SFC improves high fat diet-induced steatosis in C57BL/6J mice
Since enhanced fatty acid intake to hepatocytes can be a pathogenic cause for hepatic steatosis and SFC has an inhibitory effect on fatty acid uptake into hepatocyte, it was determined whether SFC could prevent hepatic steatosis in HFD-fed mice. High fat diet (HFD) was ad libitum fed to C57BL/6J mice for 15 weeks, starting at 8 weeks of age and SFC (10 mg/kg) was intraperitoneally injected every other day for the same 15 weeks. Figure 3a shows that mice fed by HFD were heavier than control chow diet (CD)-fed mice at all ages from the 1st week of experiment. SFC treatment slightly reduced the weight of HFD-fed mice at most ages. The amount of food intake in HFD group was lower than in CD group, but not different from that in the SFC-treated HFD-fed group (HFD/SFC) (Supplementary Fig. 1 of the Supplementary Information (SI)). In accordance with weight increase, the weights of liver and fat were significantly increased in HFD group compared with in CD group (Fig. 3b). However, SFC treatment significantly prevented the HFD-induced increase of liver weight. Interestingly, SFC did not reduce the weight of white adipose tissues in HFD-fed mice and, even increased the weight of epididymal fat (Fig. 3b). Triacylglycerol amount in liver was increased by approximately 350% in HFD group compared with that in CD group, and SFC treatment significantly prevented the increase of liver triacylglycerol by HFD (Fig. 3c). Hematoxylin and Eosin (H&E) staining showed existence of lipid droplets and Oil Red O (ORO) staining clearly demonstrated red-colored lipid droplets with larger size in liver tissues of HFD group (Fig. 3c). SFC treatment reduced the number and size of lipid droplets in liver tissues of HFD group (Fig. 3c). In accordance with the accumulation of lipid in liver of HFD-fed mice, the expression of genes involved in lipid synthesis, such as sterol responsive element binding protein 1c (SREBP1c), fatty acid synthase (FASN), acetyl-CoA carboxylase (ACC), and stearyl CoA desaturase (SCD) was increased in liver of HFD group. SFC treatment significantly prevented the increase of expression in HFD-fed mice (Fig. 3d).
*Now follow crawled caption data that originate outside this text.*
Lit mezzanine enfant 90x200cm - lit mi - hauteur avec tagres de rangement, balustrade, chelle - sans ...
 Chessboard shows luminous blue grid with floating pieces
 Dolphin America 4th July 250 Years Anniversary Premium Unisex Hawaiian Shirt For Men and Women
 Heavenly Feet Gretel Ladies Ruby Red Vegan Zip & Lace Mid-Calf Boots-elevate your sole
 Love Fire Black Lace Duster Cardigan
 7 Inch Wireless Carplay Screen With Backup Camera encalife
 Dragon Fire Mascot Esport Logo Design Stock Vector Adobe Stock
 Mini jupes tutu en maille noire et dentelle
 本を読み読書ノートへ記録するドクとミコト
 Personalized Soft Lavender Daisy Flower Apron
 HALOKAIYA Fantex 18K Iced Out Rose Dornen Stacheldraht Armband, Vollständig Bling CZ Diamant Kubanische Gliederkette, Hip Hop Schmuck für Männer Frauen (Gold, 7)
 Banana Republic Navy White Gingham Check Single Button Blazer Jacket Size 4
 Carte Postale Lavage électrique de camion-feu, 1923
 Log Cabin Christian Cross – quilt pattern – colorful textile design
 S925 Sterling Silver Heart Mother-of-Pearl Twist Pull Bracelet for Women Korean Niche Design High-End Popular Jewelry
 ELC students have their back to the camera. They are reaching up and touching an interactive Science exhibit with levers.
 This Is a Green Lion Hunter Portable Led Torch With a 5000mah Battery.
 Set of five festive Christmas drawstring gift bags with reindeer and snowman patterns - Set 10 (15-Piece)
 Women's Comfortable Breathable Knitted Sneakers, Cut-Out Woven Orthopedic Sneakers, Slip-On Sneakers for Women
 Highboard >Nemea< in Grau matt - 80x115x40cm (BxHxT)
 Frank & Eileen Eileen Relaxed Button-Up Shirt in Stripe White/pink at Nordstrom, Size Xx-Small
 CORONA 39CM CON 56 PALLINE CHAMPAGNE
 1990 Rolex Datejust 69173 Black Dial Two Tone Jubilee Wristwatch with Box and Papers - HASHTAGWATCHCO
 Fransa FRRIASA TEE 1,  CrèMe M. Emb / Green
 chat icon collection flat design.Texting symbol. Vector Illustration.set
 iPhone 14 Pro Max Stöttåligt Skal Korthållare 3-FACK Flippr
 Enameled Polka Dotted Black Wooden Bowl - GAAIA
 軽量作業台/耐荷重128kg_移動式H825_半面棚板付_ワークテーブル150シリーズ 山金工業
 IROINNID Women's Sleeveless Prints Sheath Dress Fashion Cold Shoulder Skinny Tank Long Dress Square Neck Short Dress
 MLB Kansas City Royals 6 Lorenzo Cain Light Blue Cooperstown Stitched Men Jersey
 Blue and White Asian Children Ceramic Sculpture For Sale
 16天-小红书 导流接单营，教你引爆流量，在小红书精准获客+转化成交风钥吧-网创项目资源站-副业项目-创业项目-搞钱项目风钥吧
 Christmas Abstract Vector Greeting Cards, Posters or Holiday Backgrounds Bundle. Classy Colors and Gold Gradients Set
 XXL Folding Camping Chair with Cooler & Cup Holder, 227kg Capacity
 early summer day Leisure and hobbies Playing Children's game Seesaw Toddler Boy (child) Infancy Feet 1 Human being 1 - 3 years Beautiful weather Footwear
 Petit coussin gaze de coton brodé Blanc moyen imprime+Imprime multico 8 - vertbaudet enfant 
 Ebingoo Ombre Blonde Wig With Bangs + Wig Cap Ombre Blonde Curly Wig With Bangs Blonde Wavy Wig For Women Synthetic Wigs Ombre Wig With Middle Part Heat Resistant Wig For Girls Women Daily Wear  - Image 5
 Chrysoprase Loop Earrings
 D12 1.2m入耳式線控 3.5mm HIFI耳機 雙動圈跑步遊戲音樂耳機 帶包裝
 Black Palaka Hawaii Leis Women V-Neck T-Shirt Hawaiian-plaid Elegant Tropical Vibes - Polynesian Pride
SFC prevents high fat-induced hepatic inflammation in C57BL/6J mice
To determine whether SFC reduces steatohepatitis in HFD-fed C57BL/6J mice, recruitment of macrophage in liver tissues was initially investigated by F4/80 immunostaining. Figure 4a shows that HFD for 15 weeks increased the number of F4/80-positive cells in liver tissues by 344% compared with CD group, and SFC treatment reduced the number of F4/80-positive cells in HFD-fed mouse liver close to that of CD group. In addition, SFC reduced the expression level of CD68 and F4/80 as macrophage genes and L3T4 as a T lymphocyte gene in HFD-fed mouse liver (Fig. 4b). However, SFC did not reduce the expression level of neutrophil elastase gene (NE) as neutrophil marker. These data suggest that SFC treatment prevents the HFD-induced infiltration of immunocytes including macrophage. In accordance with SFC’s inhibitory effect on HFD-induced macrophage infiltration, SFC treatment prevented HFD-induced stress/inflammatory signal activation in liver tissues. Figure 4c shows that SFC treatment significantly reduced the levels of phospho-JNK and phospho-p65 as stress/inflammatory signals in HFD-fed mouse livers. In accordance with SFC’s preventive effect against HFD-induced inflammatory signals, SFC significantly reduced the HFD-induced expression of inflammatory genes, such as MCP1, IL-1β, TNF-α and IL-6 in liver tissue (Fig. 4e). On the other hand, HFD reduced the levels of insulin-stimulated phospho-AKT and phospho-GSK3b in liver tissues, and SFC restored the reduced levels of insulin-stimulated phospho-AKT and phospho-GSK3b in HFD group (Fig. 4d). The preventive effect of SFC against hepatic damage in HDF-fed mouse liver was also observed. SFC significantly reduced the levels of alanine aminotransferase (ALT) and aspartate aminotransferase (AST) as hepatic damage markers in HFD-fed mouse plasma (Fig. 4f). On the other hand, NAFLD activity score (NAS) defined as sum of the scores for steatosis (0–3), inflammation (0–3), and ballooning degeneration (0–2) was determined as a clinical diagnosis of NAFLD. HFD increased NAS to 5.2, representing a histologic diagnosis of NASH. SFC significantly reduced HFD-induced NAS to 1.93, demonstrating that SFC could prevent HFD-induced NASH (Fig. 4g, Supplementation Table 1 of Supplementary Information (SI)). All these data suggest that HFD for 15 weeks induces hepatic inflammation and injury in C57BL/6J mice, and that SFC treatment prevents the HFD-induced hepatic inflammation and injury.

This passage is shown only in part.